Both Time and Newsweek magazines are giggling at the Supreme Court oral arguments on the fleeting-TV-profanity case of FCC vs. Fox Television Stations. The court is considering if it has the authority to regulate obscene language on the public airwaves.
Time noticed Justice Antonin Scalia joking that "Bawdy jokes are OK, if they are really good." Newsweek reported that Justice John Paul Stevens wanted to know if "dung" was a dirty word.
The magazines that aspire to define history saw this Supreme Court argument as only good for a laugh. Maybe it was. After all, Barack Obama will soon be president, and Hollywood's heavy investment in his presidential campaign will surely pay great dividends in moral laxity at the FCC and silence in Obama's liberal bully pulpit.
But in the search for cute quotes to illustrate their dismissive tones, both magazines skipped the defining cultural exchange of that hour. When Justice Stevens asked if there were changes in community standards over the last 30 years, if society had grown more tolerant of curse words, Carter Phillips, the profanity-favoring attorney for Fox, proclaimed: "I believe that society is significantly more tolerant of these words today than it was 30 years ago." Justice Scalia replied: "Do you think your clients have had anything to do with that?"
The answer is, of course, self-evident. There is no greater cultural influence on impressionable youth than the entertainment industry. Both a bucket of scientific studies and plain common sense validate this, but Phillips, being the kind of clever lawyer who can seem plausible as he expresses the completely ridiculous, rejected any responsibility: "In the scheme of things, probably very, very little to do with that compared to the way the language is used. Go to a baseball game, Justice Scalia. You hear these words every time you go to a ball game."
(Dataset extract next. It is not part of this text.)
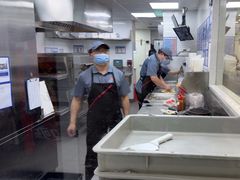 -达美乐比萨(商城路店)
Justice Scalia sensibly argued to the senseless Mr. Phillips that there is a great difference between broadcast television and a comparatively private utterance to people within earshot at a stadium. Scalia said he doesn't agree that the public is more tolerant of profanity, just more resigned to it. He was idealistic enough to say that television should have a higher aim, of living up to a linguistic standard of what is "normal in polite company."